Terminados os trabalhos, homens e mulheres formaram fila em frente ao gabinete de Nelson Marquezelli (PTB-SP), no 9; andar do Anexo IV da Câmara. Lá, funcionários os orientaram a subir ao piso seguinte para acertar as contas. Com notas de R$ 20 e R$ 50, pessoas com crachá da Casa efetuaram o pagamento. Marquezelli, muito aplaudido em plenário, afirmou ignorar o fato. Posteriormente, acusou o sindicato dos caminhoneiros de contratar os apoios. Por fim, assumiu a responsabilidade.

Protagonizou mais um episódio que puxa o parlamento para baixo diante da opinião pública. O conceito dos políticos no Brasil é constrangedor e preocupante. Dia após dia, Executivo e Legislativo perdem credibilidade. Vocábulos como senador, deputado, presidente, governador viraram palavrões ; sinônimo de privilégio, falcatrua, corrupção, busca por vantagens pessoais em detrimento do bem comum.

Também são associados a mentira, falsidade, conivência com malfeitos. Quando perguntam ao filho o que quer ser quando crescer, pais aceitam qualquer resposta, exceto ocupante de cargo eletivo. O Congresso, sobretudo, oferece munição para a decadência da ideia que se faz da instituição. Talvez por contar com 594 membros, atos comprometedores de um recaem sobre os demais.

Não há dia em que a pauta de jornais, telejornais, sites e blogues deixe de apresentar fatos negativos que envolvem deputados ou senadores. É o caso de falta a sessões, apresentação de projetos polêmicos, aprovação de leis sem os necessários debates, associação com pessoas em dívida com a Justiça, venda de votos, manipulação de verbas de gabinete.

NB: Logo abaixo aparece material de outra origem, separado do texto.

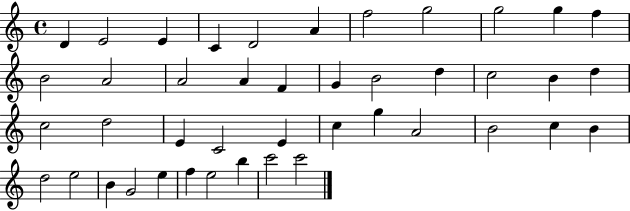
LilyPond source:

{
  \clef treble
  \time 4/4
  \defaultTimeSignature
  \key c \major
  d'4 e'2 e'4 | c'4 d'2 a'4 | f''2 g''2 | g''2 g''4 f''4 | \break b'2 a'2 | a'2 a'4 f'4 | g'4 b'2 d''4 | c''2 b'4 d''4 | \break c''2 d''2 | e'4 c'2 e'4 | c''4 g''4 a'2 | b'2 c''4 b'4 | \break d''2 e''2 | b'4 g'2 e''4 | f''4 e''2 b''4 | c'''2 c'''2 | \break \bar "|."
}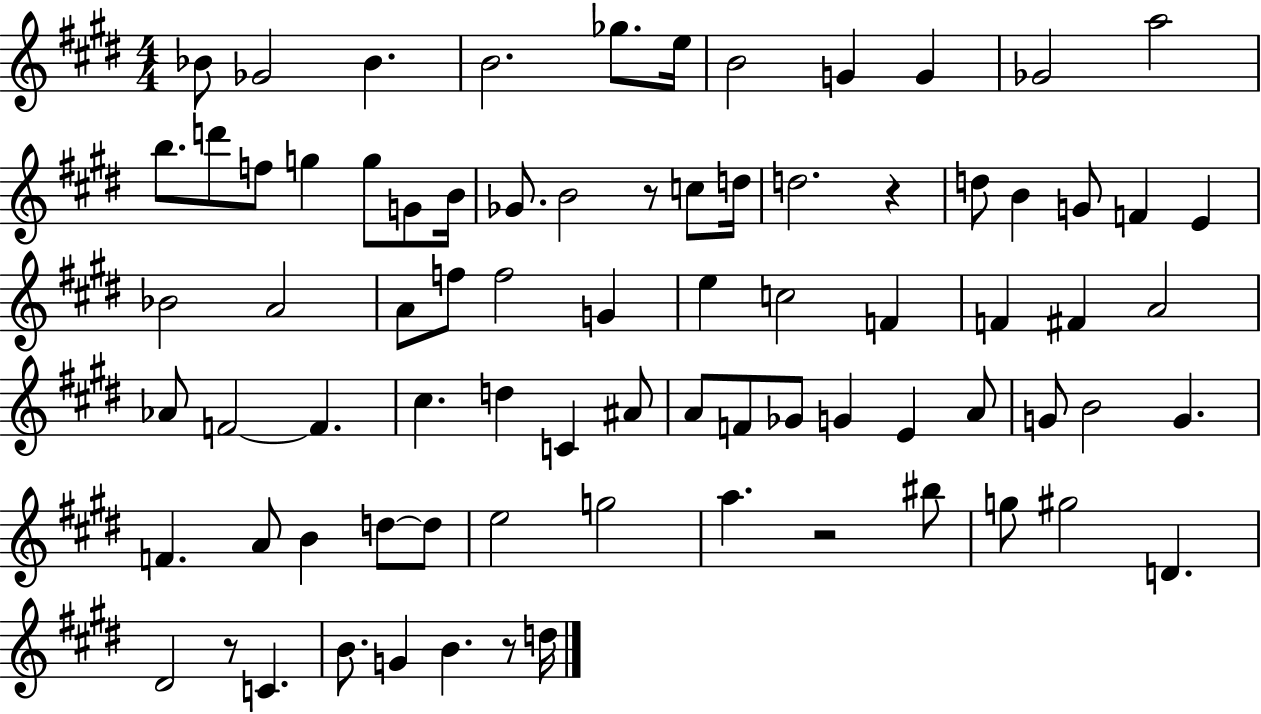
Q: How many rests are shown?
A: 5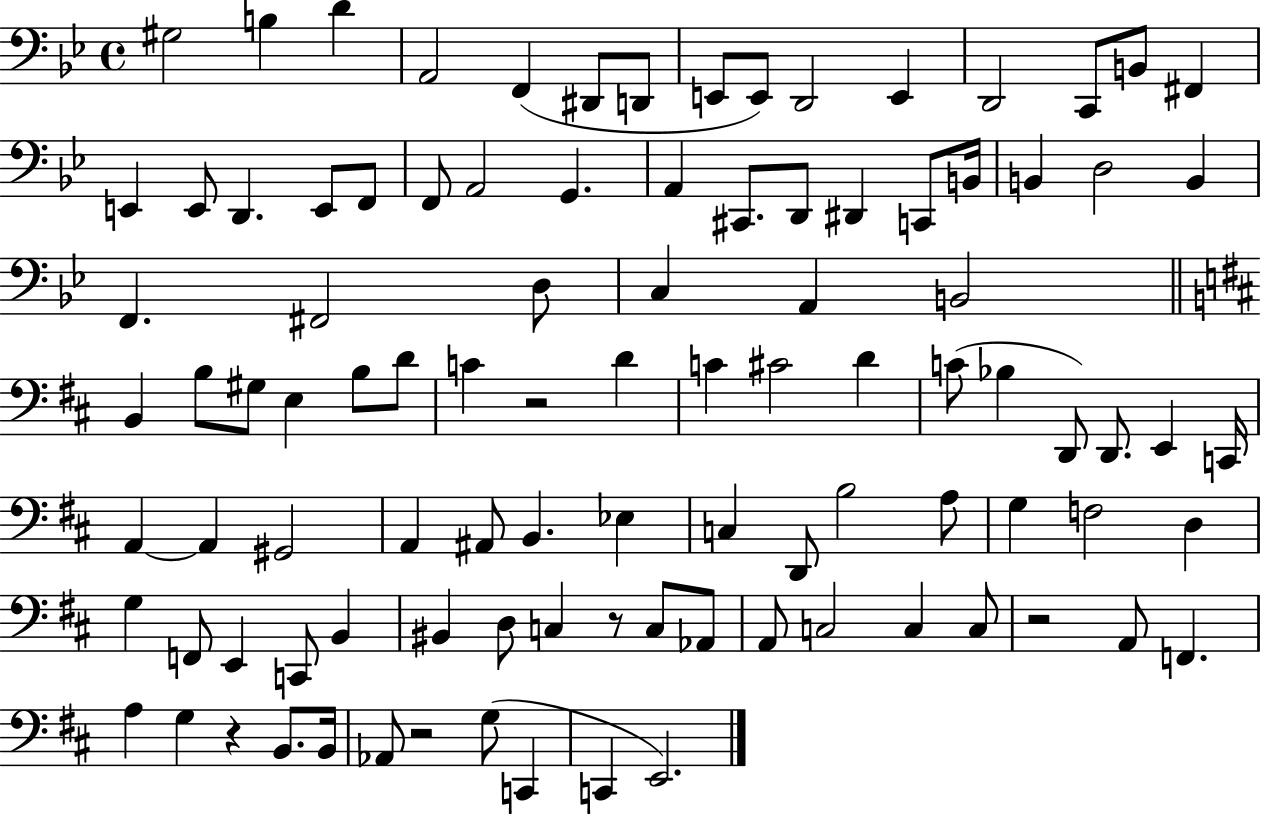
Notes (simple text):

G#3/h B3/q D4/q A2/h F2/q D#2/e D2/e E2/e E2/e D2/h E2/q D2/h C2/e B2/e F#2/q E2/q E2/e D2/q. E2/e F2/e F2/e A2/h G2/q. A2/q C#2/e. D2/e D#2/q C2/e B2/s B2/q D3/h B2/q F2/q. F#2/h D3/e C3/q A2/q B2/h B2/q B3/e G#3/e E3/q B3/e D4/e C4/q R/h D4/q C4/q C#4/h D4/q C4/e Bb3/q D2/e D2/e. E2/q C2/s A2/q A2/q G#2/h A2/q A#2/e B2/q. Eb3/q C3/q D2/e B3/h A3/e G3/q F3/h D3/q G3/q F2/e E2/q C2/e B2/q BIS2/q D3/e C3/q R/e C3/e Ab2/e A2/e C3/h C3/q C3/e R/h A2/e F2/q. A3/q G3/q R/q B2/e. B2/s Ab2/e R/h G3/e C2/q C2/q E2/h.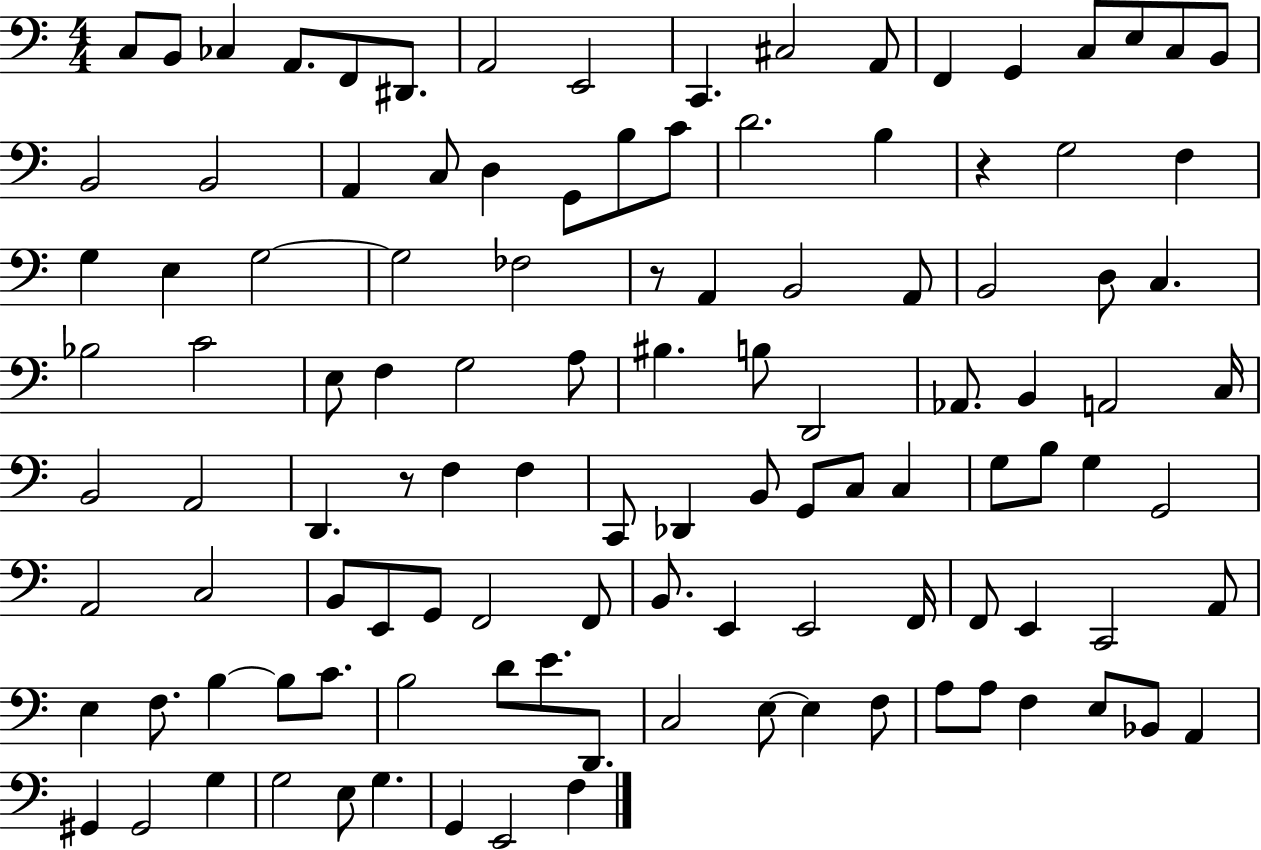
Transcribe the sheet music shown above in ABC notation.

X:1
T:Untitled
M:4/4
L:1/4
K:C
C,/2 B,,/2 _C, A,,/2 F,,/2 ^D,,/2 A,,2 E,,2 C,, ^C,2 A,,/2 F,, G,, C,/2 E,/2 C,/2 B,,/2 B,,2 B,,2 A,, C,/2 D, G,,/2 B,/2 C/2 D2 B, z G,2 F, G, E, G,2 G,2 _F,2 z/2 A,, B,,2 A,,/2 B,,2 D,/2 C, _B,2 C2 E,/2 F, G,2 A,/2 ^B, B,/2 D,,2 _A,,/2 B,, A,,2 C,/4 B,,2 A,,2 D,, z/2 F, F, C,,/2 _D,, B,,/2 G,,/2 C,/2 C, G,/2 B,/2 G, G,,2 A,,2 C,2 B,,/2 E,,/2 G,,/2 F,,2 F,,/2 B,,/2 E,, E,,2 F,,/4 F,,/2 E,, C,,2 A,,/2 E, F,/2 B, B,/2 C/2 B,2 D/2 E/2 D,,/2 C,2 E,/2 E, F,/2 A,/2 A,/2 F, E,/2 _B,,/2 A,, ^G,, ^G,,2 G, G,2 E,/2 G, G,, E,,2 F,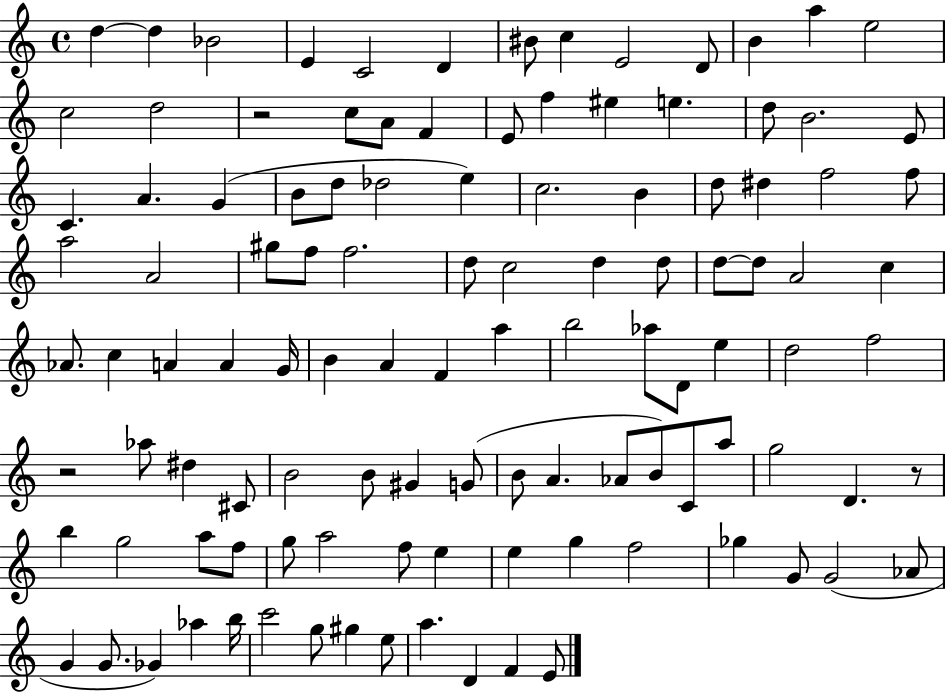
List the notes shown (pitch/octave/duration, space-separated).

D5/q D5/q Bb4/h E4/q C4/h D4/q BIS4/e C5/q E4/h D4/e B4/q A5/q E5/h C5/h D5/h R/h C5/e A4/e F4/q E4/e F5/q EIS5/q E5/q. D5/e B4/h. E4/e C4/q. A4/q. G4/q B4/e D5/e Db5/h E5/q C5/h. B4/q D5/e D#5/q F5/h F5/e A5/h A4/h G#5/e F5/e F5/h. D5/e C5/h D5/q D5/e D5/e D5/e A4/h C5/q Ab4/e. C5/q A4/q A4/q G4/s B4/q A4/q F4/q A5/q B5/h Ab5/e D4/e E5/q D5/h F5/h R/h Ab5/e D#5/q C#4/e B4/h B4/e G#4/q G4/e B4/e A4/q. Ab4/e B4/e C4/e A5/e G5/h D4/q. R/e B5/q G5/h A5/e F5/e G5/e A5/h F5/e E5/q E5/q G5/q F5/h Gb5/q G4/e G4/h Ab4/e G4/q G4/e. Gb4/q Ab5/q B5/s C6/h G5/e G#5/q E5/e A5/q. D4/q F4/q E4/e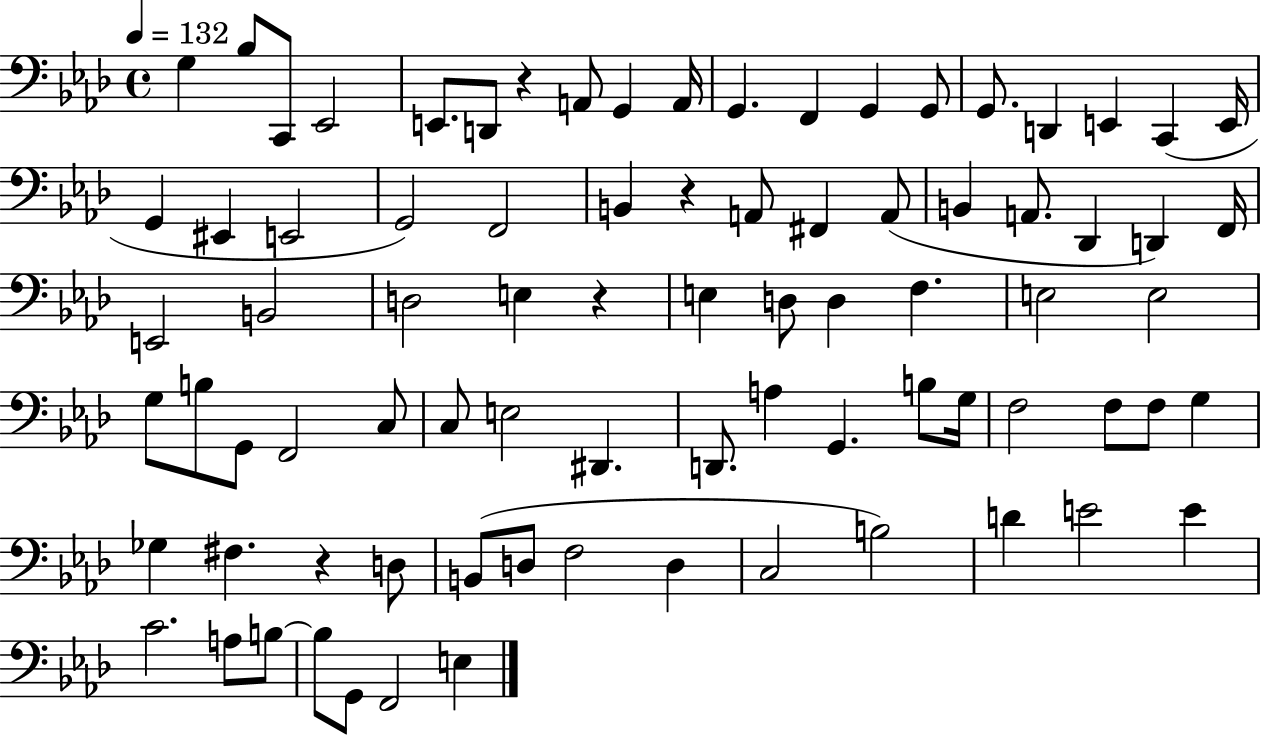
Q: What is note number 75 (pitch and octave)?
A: B3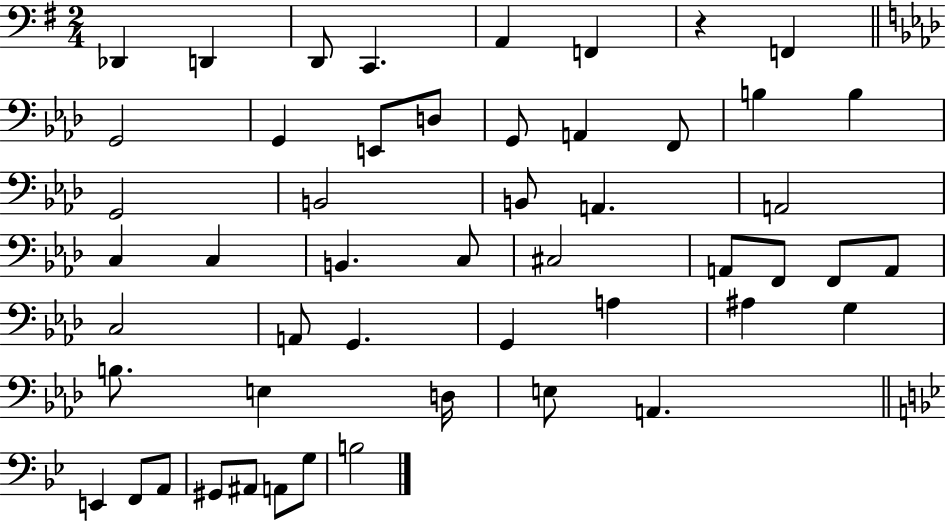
Db2/q D2/q D2/e C2/q. A2/q F2/q R/q F2/q G2/h G2/q E2/e D3/e G2/e A2/q F2/e B3/q B3/q G2/h B2/h B2/e A2/q. A2/h C3/q C3/q B2/q. C3/e C#3/h A2/e F2/e F2/e A2/e C3/h A2/e G2/q. G2/q A3/q A#3/q G3/q B3/e. E3/q D3/s E3/e A2/q. E2/q F2/e A2/e G#2/e A#2/e A2/e G3/e B3/h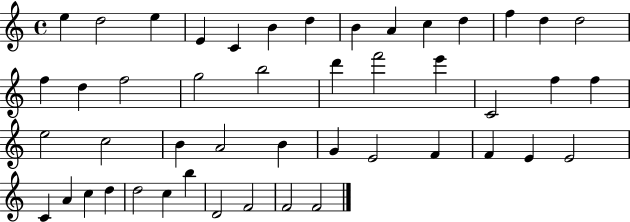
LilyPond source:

{
  \clef treble
  \time 4/4
  \defaultTimeSignature
  \key c \major
  e''4 d''2 e''4 | e'4 c'4 b'4 d''4 | b'4 a'4 c''4 d''4 | f''4 d''4 d''2 | \break f''4 d''4 f''2 | g''2 b''2 | d'''4 f'''2 e'''4 | c'2 f''4 f''4 | \break e''2 c''2 | b'4 a'2 b'4 | g'4 e'2 f'4 | f'4 e'4 e'2 | \break c'4 a'4 c''4 d''4 | d''2 c''4 b''4 | d'2 f'2 | f'2 f'2 | \break \bar "|."
}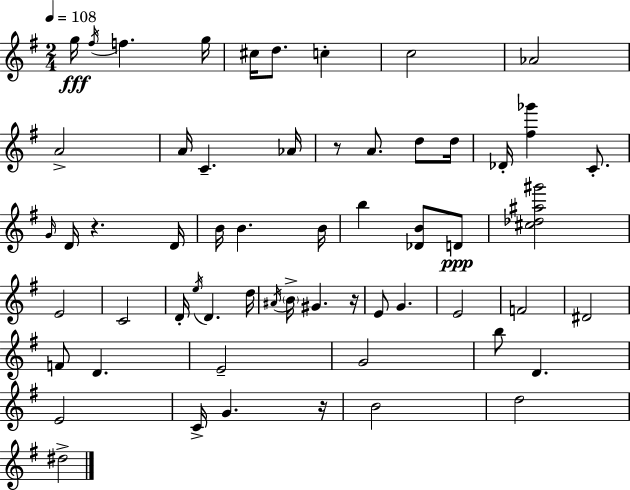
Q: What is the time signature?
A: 2/4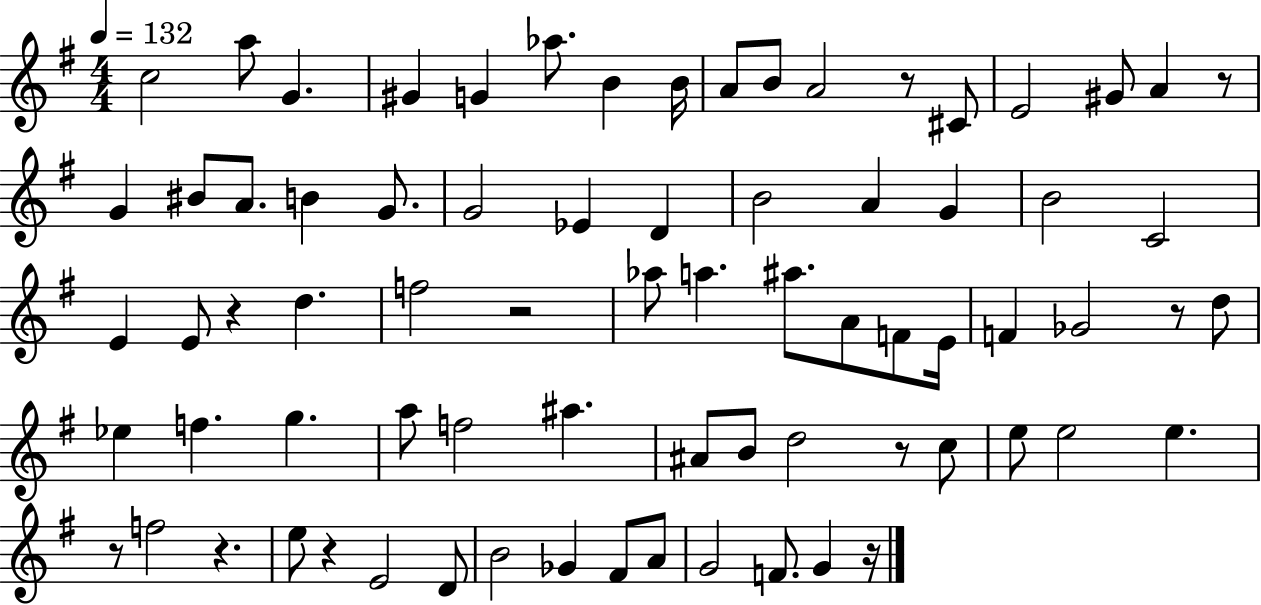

Por seu lado, projetos de interesse coletivo mofam em gavetas legislatura após legislatura. Entre eles, as tão necessárias reformas: a tributária, capaz de dar alguma racionalidade ao sistema de arrecadação; a política, apta a melhorar a representação popular; a administrativa, para modernizar o paquidérmico Estado; a previdenciária, para equilibrar o sistema; a trabalhista, para adequá-la às exigências do século 21. Deputados e senadores precisam responder às urgências nacionais com medidas eficazes. Não com claques de aluguel.